Arnold’s use of Faraday is the ancestor of all the polls those tedious conservative commentators are always brandishing telling us how many scientists believe in God, and how many believe in Tinkerbell. Of course, these polls depend upon a very liberal interpretation of scientist, such that the coach who teaches industrial arts in high school gets in on the set on equal footing with Richard Dawkins. The more interesting thing, to me, is that Arnold’s hint that Darwin was a bit of an unbeliever did not influence the Westminister Abbey scene. The mover of that scene was a popular Anglican divine, Arthur Stanley. Stanley’s type has since become the joy of satiric novelists like Waugh. He is ecumenical to a fault. This is from White:

Stanley’s vision of a broad Anglican culture was announced in a sermon preached in 1865 on the 800th anniversary of the foundation of the Abbey by King Edward the Confessor. Its pavement and walls, Stanley declared, refl ected the interests of the commonwealth throughout its stages, with “Roman, Puritan, Non-conformist ... [and] doubting sceptic hard by the enthusiastic believer ... opposing parties both in Church and State co-existing, neutralising, counteracting, completing each other, neither by the other subdued, each by the other endured.... Here, at least, all Englishmen may forget their differences, and feel for the moment as one family gathered round the same Christmas hearth”. The representation of men of science in this pantheon was substantially increased during Stanley’s offi ce, with the interment of John Herschel, Lyell, and Darwin, among others. The suggestion of a Darwin memorial had apparently been made by Farrar, who described having broached the subject with Huxley and William Spottiswoode at the Athenaeum, and who assured Huxley “that we clergy [are] not all so bigoted as he supposed”. Farrar consulted with Stanley on the
matter, preached the funeral sermon at the nave service, and served as one of the pallbearers, along with Lubbock, Huxley, Wallace, Hooker, Spottiswoode, and others.

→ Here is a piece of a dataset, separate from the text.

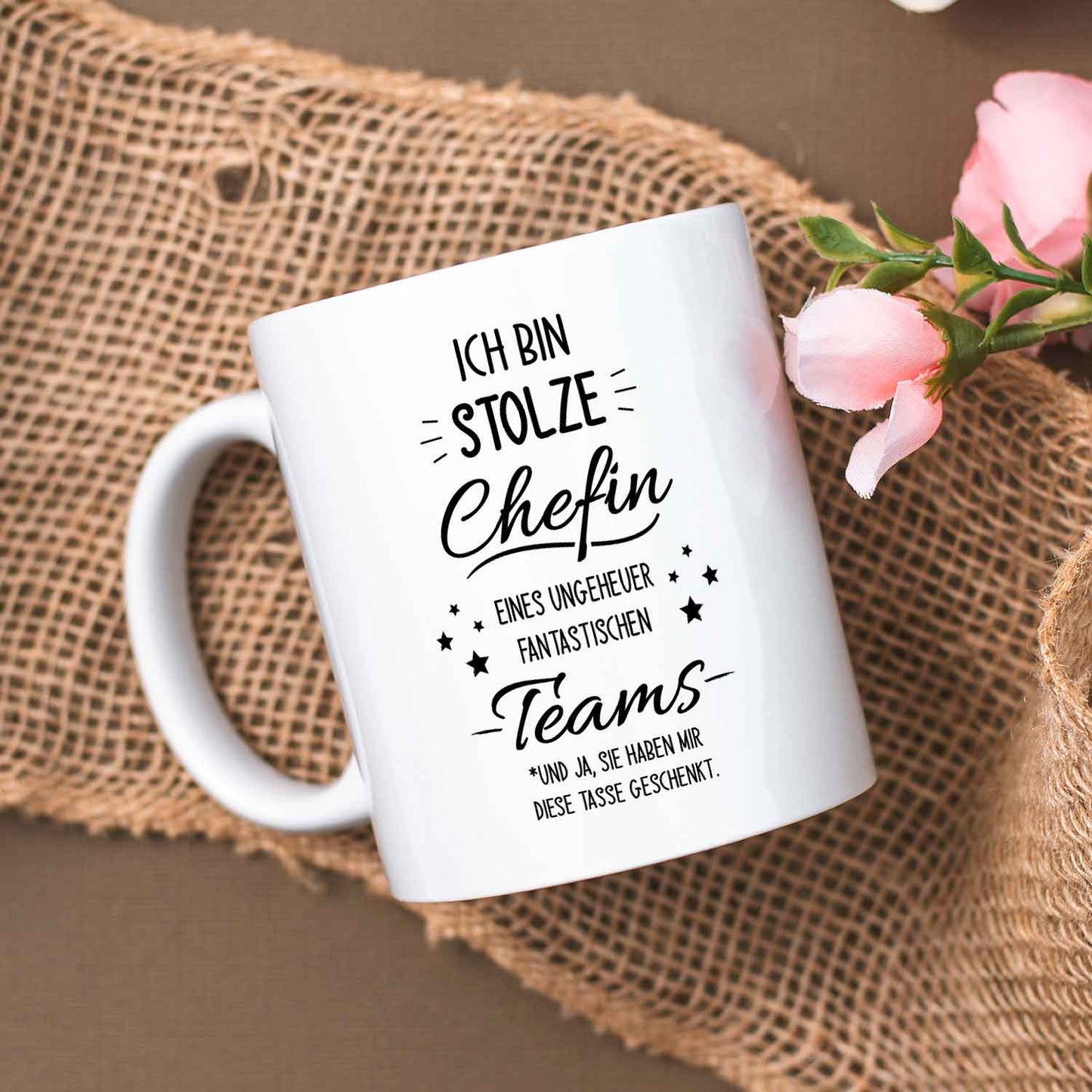 Bedruckte Tasse mit Spruch Stolze Chefin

In Historical memorials of Westminster Abbey, Stanley described individual shrines of the great and the good, with chapters on the Ladies of the Tudor Court, Modern Statesmen, Philanthropists, Poets, Theologians, Men of Letters, and Men of Science.
Of the latter, Stanley remarked that, because of the slow, gradual growth of science in England, it had no special place in the Abbey but rather “penetrated promiscuously into every part, much in the same way as it [had] imperceptibly influenced all our
social and literary relations elsewhere.”

For all the ridicule Stanley type has attracted, the religious ceremony over the man who destroyed, once and for all, the credibility of the divine creation of man seems to LI to be a pretty good compromise. The Dover burgers are right.